One might have thought that as Dylan moved so swiftly from his absorption of the folk and blues traditions, replete as they were with biblical echoes, to his self-distancing from the protest movement and the beginning of his explorations of inner psychic and imaginative space, on through the amazing trilogy of mid-sixties electric albums might have diminished the frequency or intensity with which he borrowed from, echoed or re-imagined the Bible. Nothing could be further from the truth, the tone changes but the intensity of engagement if anything, deepens. Consider the album, Highway 61 revisited, the whole album turns on the word re-visited, uncovering Dylan's poetic technique and vision, which is precisely to re-visit and re-imagine the apparently familiar so that it becomes once more, something rich and strange.

The language of that album full as it is of Blake and Eliot, and the borrowed language of Ginsberg's angel-headed hipsters is also constantly calling and recalling the bible in strange new guises. Take the opening of the title track for that album with its street-wise retelling of the story of Isaac and Abraham which turns out, on reflection to be more midrash than mockery:

God Said to Abraham kill me a son

Abe said Man you must be puttin' me on

God said no

Abe said what?

God said you can do what you want Abe but

Next time you see me comin' you'd better run

Abe said where you want this killin' done?

God said out on highway sixty one.

Any reading of this song will be  nuanced by the knowledge that Highway Sixty-One was both the highway traveled by the children of the pre-war country blues players, men like Muddy Waters and B.B King, who found work in the northern factories, plugged in their electric guitars, and created the urban Chicago blues sound that fills the album, and the highway that Dylan himself went down when he left his own father Abraham, known to all as Abe Zimmerman behind and in the midst of his adolescent disguises became for a while, dead to his family. All the contexts come into play in the making of the final meaning of an album that deals with dislocation, displacement and uprootedness: What seems at first merely playful or perhaps only iconoclastic turns out to be deeply and seriously engaged.

Finding Jacob's ladder:

Dylan's retreat to Woodstock in 66 after the "Motorcycle Accident" and his subsequent exploration of bucolic, contemplative and ultimately mystical forms of expression again anticipate and partially cause the shift away from the outward extremism of the sixties counter-culture to a more inward and reflective series of concerns which the rest of 'rock' music began to reflect in the seventies. Dylan's refusal to tour for five yeas,. his absolute devotion to family life, the giving of traditional Jewish names to his children, his daily Bible readings, have been seen , especially by Jewish commentators on his works as signs of a re-integration into his life of his Jewish roots and identity. As his mother said of him at this time:

"In his house in Woodstock today there's a huge bible open on a stand in the middle of his study. Of all the books that crowd his house, that Bible gets the most attention."  (Quoted in Heylin p. 184)

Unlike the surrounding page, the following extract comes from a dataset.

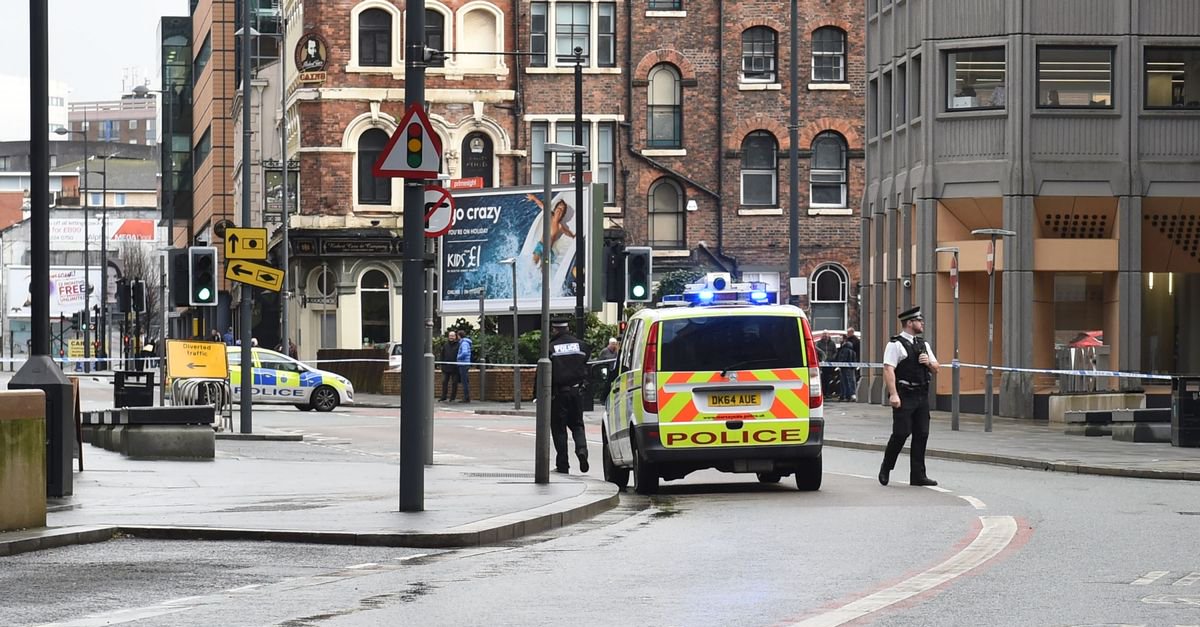 Συναγερμός στο Λίβερπουλ – Άνδρας κρατάει ύποπτο δέμα – ΤΩΡΑ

A crucial event in this period which seemed to deepen Dylan's sense of his Jewish Heritage was death of his father in 1968 (for a rabbinical response to this period in his life and music see Trouble in Mind; A Rabbinic perspective on Bob Dylan's 'Religious Period' by Laurence A Schlesinger, published in On the Tracks issue 4 1994)

The Masterpiece of this period, JohnWesley Harding which Dylan himself referred to as the first biblical rock album would require a whole book, let alone a lecture to itself. Since my concern here is memory and prayer, I want to look beyond it to a song which is also a prayer and which Dylan gave great emphasis by recording twice on the same album, and that is forever young from 1974's Planet Waves.

"I found Jacob's Ladder leaning against an Adobe wall", wrote Dylan on the sleeve notes, a statement with both biblical and personal resonance as it was written after the birth of his son Jacob for whom the prayers in forever young are being made. Jacob's dream is about the connection between heaven and earth, the moments when the earthly is transfigured and we find that a particular place, a particular person is "the very gate of heaven", a theme that is echoed elsewhere on the album. (my dreams are made of iron and steel with a big bouquet of roses hanging down from the heavens to the ground, I was in a whirlwind, now I'm in some better place,) but the immediate biblical context  for this song is a place in the book of Numbers:

22And the Lord spake unto Moses, saying, 23Speak unto Aaron and unto his sons, saying, On this wise ye shall bless the children of Israel, saying unto them, 24The Lord bless thee, and keep thee: 25The Lord make his face shine upon thee, and be gracious unto thee: 26The Lord lift up his countenance upon thee, and give thee peace. 27And they shall put my name upon the children of Israel; and I will bless them (numbers 6:24-27)

Dylan's response to these verses begins with the invocation of God, the father of us all:

 may God bless and keep you always

and then addresses the child directly: May may you build, may you stay,

But as with earlier examples it is reverent but also playful and free

May you always do for others and let others do for you

May you always know the truth and see the light surrounding you.

The other text of course which is being remembered, as we hinted earlier, is Keats' Ode on a Grecian urn, with its constant refrains of forever, and its climax in the words "forever young". Christopher Ricks is particularly acute in high-lighting Dylan's many echoes and reminiscences of Keats throughout his work among the echoes Ricks high-lights here are the lines

"forever wilt thou love and she be fair

Forever piping songs forever new

Forever warm and still to be enjoyed

Forever panting and forever young.

Ricks shows the beautiful parallels but it seems to me the deliberate contrasts here are even more important.  "a cold dark night on the Spanish stair" connected keats and Dylan as artists, implying that salvation, redemptuioin from time was somehow to be found in art itself,

Somedau everything is going to be different, when I paint my masterpiece"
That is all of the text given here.